-- About this task --
Your output should be the line with "this 1125×750 image." plus all following lines to the end of the records, exactly as written and nothing more.

[Saved data entries]
★ ★ ★ ★ ★
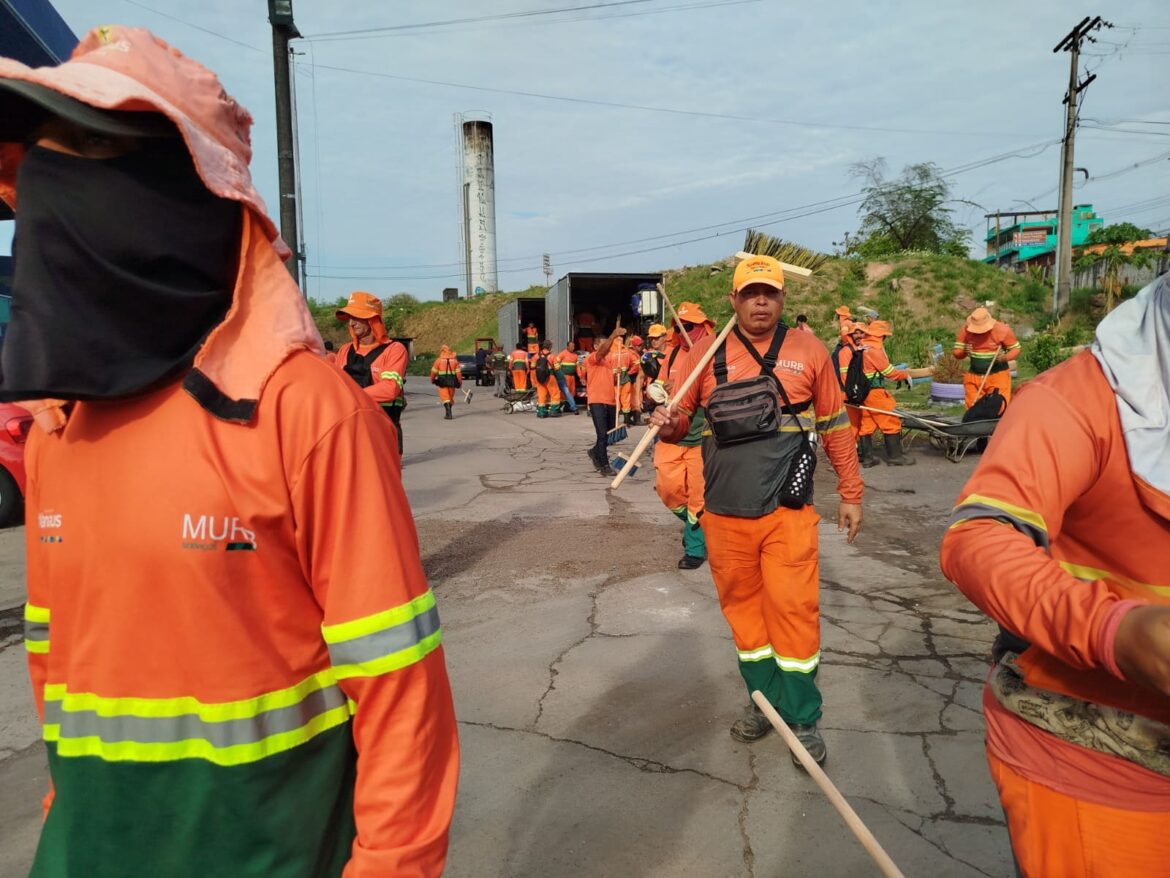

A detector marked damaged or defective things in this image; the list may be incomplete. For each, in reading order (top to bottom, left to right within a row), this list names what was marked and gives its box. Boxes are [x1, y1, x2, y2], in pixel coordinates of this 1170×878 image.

cracked asphalt road [0, 379, 1010, 878]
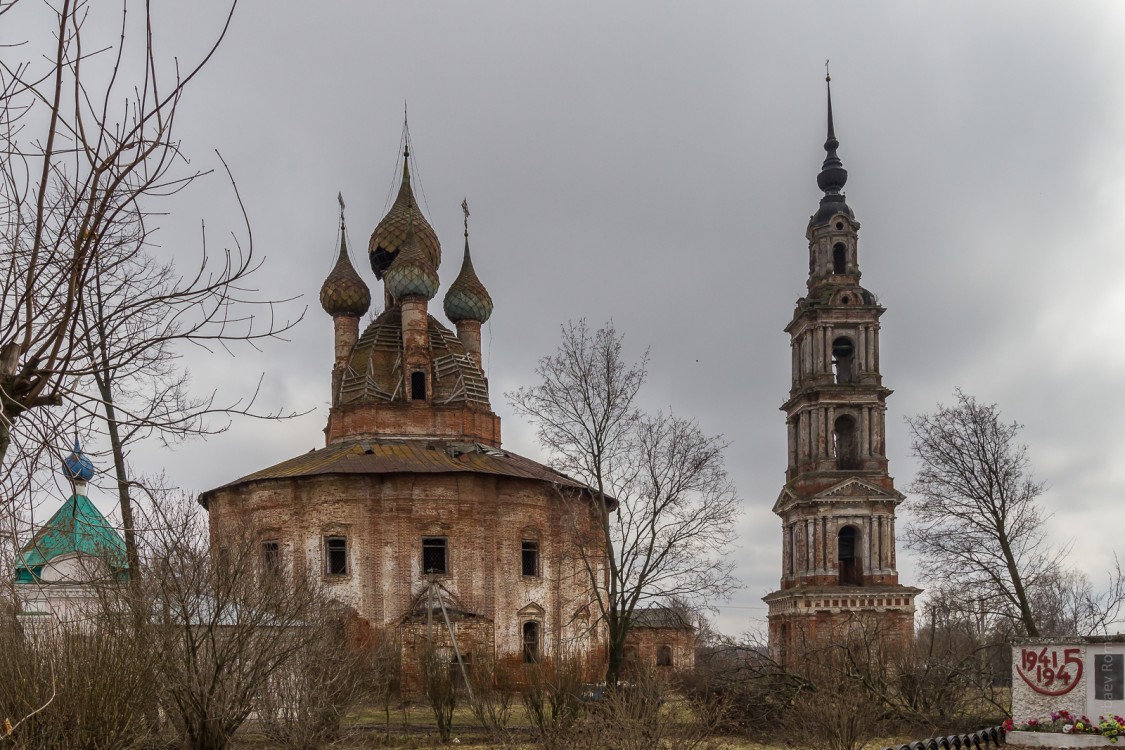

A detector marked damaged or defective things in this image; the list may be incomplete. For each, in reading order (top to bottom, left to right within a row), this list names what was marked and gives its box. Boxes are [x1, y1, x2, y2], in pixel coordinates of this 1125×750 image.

broken window [832, 242, 852, 274]
broken window [832, 338, 860, 384]
broken window [412, 374, 430, 402]
broken window [836, 418, 864, 470]
rusty iron roof [200, 438, 592, 508]
broken window [262, 540, 282, 580]
broken window [324, 536, 346, 580]
broken window [424, 536, 450, 580]
broken window [524, 544, 540, 580]
broken window [836, 528, 864, 588]
broken window [524, 624, 540, 664]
★ ★ ★ ★ ★
-- Reply --
A detector marked damaged or defective things in this image; the list may be incomplete. For each, in reading order (top to bottom, left to right within a row), this list names what was marked and gives its box. Boxes are [x1, y1, x2, y2], in pixel coordinates of this 1125×750 image.

broken window [832, 242, 852, 274]
broken window [832, 338, 860, 384]
broken window [412, 374, 430, 402]
broken window [836, 418, 864, 470]
rusty iron roof [200, 438, 592, 508]
broken window [262, 540, 282, 580]
broken window [324, 536, 346, 580]
broken window [424, 536, 450, 580]
broken window [524, 544, 540, 580]
broken window [836, 528, 864, 588]
broken window [524, 624, 540, 664]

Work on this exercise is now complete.